Con su plena luna amoratada sobre la plomiza sierra de
Santana, en una tarde de septiembre de 1907, se alza en mi recuerdo la pequeña
y alta Soria. Soria pura, dice su blasón, y ¡qué bien le va ese adjetivo!.
Toledo
es, ciertamente, imperial, un gran expolio de imperios. Avila, la del perfecto
muro torreado es en verdad mística y guerrera, o acaso mejor como dice el
pueblo, ciudad de cantos y de santos. Burgos conserva todavía la gracia juvenil
de Rodrigo y la varonía de su guante mallado, su ceño hacia León y su sonrisa
hacia la aventura de Valencia. Segovia con sus arcos de piedra, guarda las
vértebras de Roma.
Soria,
sobre un paisaje mineral, planetario, telúrico. Soria, la del viento redondo
con nieve menuda que siempre nos da en la cara, junto al Duero adolescente,
casi niño, es pura... y nada más.
Soria es
una ciudad para poetas.

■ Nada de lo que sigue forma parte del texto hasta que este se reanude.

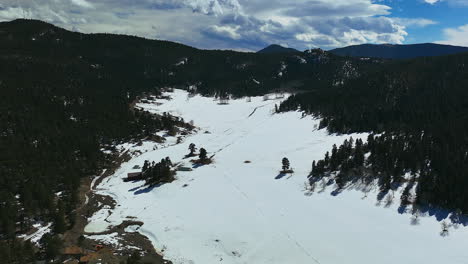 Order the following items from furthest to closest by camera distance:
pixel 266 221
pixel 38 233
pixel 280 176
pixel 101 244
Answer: pixel 280 176 < pixel 266 221 < pixel 38 233 < pixel 101 244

Porque la lengua de Castilla, la lengua imperial de
todas las españas, parece tener su propio y más limpio manantial. Gustavo
Adolfo Becquer, aquel poeta sin retórica, aquel puro lírico, debió amarla tanto
como a su natal Sevilla; acaso más, que a su admirable Toledo. Un poeta de las
Asturias, de Santillana, Gerardo Diego, rompió a cantar en romance nuevo a las
puertas de Soria:
Río Duero, río Duero
nadie a acompañarte baja,
nadie se detiene a oír
tu eterna estrofa de agua.
Y hombres de otras tierras que cruzaron sus páramos no han
podido olvidarla. Soria es, acaso, lo más espiritual de esa espiritual
Castilla, espíritu a su vez, de España entera. Nada hay en ella que asombre o
que brille y truene. Todo es sencillo, modesto, llano. Contra el espíritu
redundante y barroco que sólo aspira a exhibición y a efecto, buen antídoto es
Soria, maestra de castellanía, que siempre nos invita a ser lo que somos y nada
más. ¿No es esto bastante?. Hay un breve aforismo castellano; yo lo oí en Soria
por primera vez, que dice así: “nadie es más que nadie”. Cuando recuerdo las
tierras de Soria olvido algunas veces a Numancia, pesadilla de Roma y a Mío Cid
Campeador, que las cruzó en su destierro y al glorioso juglar de la sublime
gesta que bien pudo nacer en ellas, pero nunca olvido al viejo pastor de cuyos
labios oí ese magnífico proverbio donde a mi juicio se condensa todo el alma de
Castilla; su gran orgullo y su gran humildad, su experiencia de siglos y el
sentido imperial de su pobreza. Esa magnífica frase que yo me complazco en
traducir así: “por mucho que valga un hombre nunca tendrá valor más alto que
el valor de ser hombre”. Soria es una escuela admirable de humanismo, de
democracia y de dignidad.
Por estas y otras muchas razones, queridos amigos, con
toda el alma agradezco a ustedes su iniciativa y el altísimo honor que recibo
de esta querida ciudad. Nada me debe Soria, creo yo. Y si algo me debiera,
sería muy poco en proporción a lo que yo le debo: el haber aprendido en ella a
sentir a Castilla que es la manera más directa y mejor de sentir a España. Para
aceptar tan desmedido homenaje sólo me anima esta consideración: el hijo
adoptivo de vuestra ciudad hace muchos años que ha adoptado Soria como patria
ideal. Perdónenme si ahora sólo puedo decirles ¡gracias de todo corazón!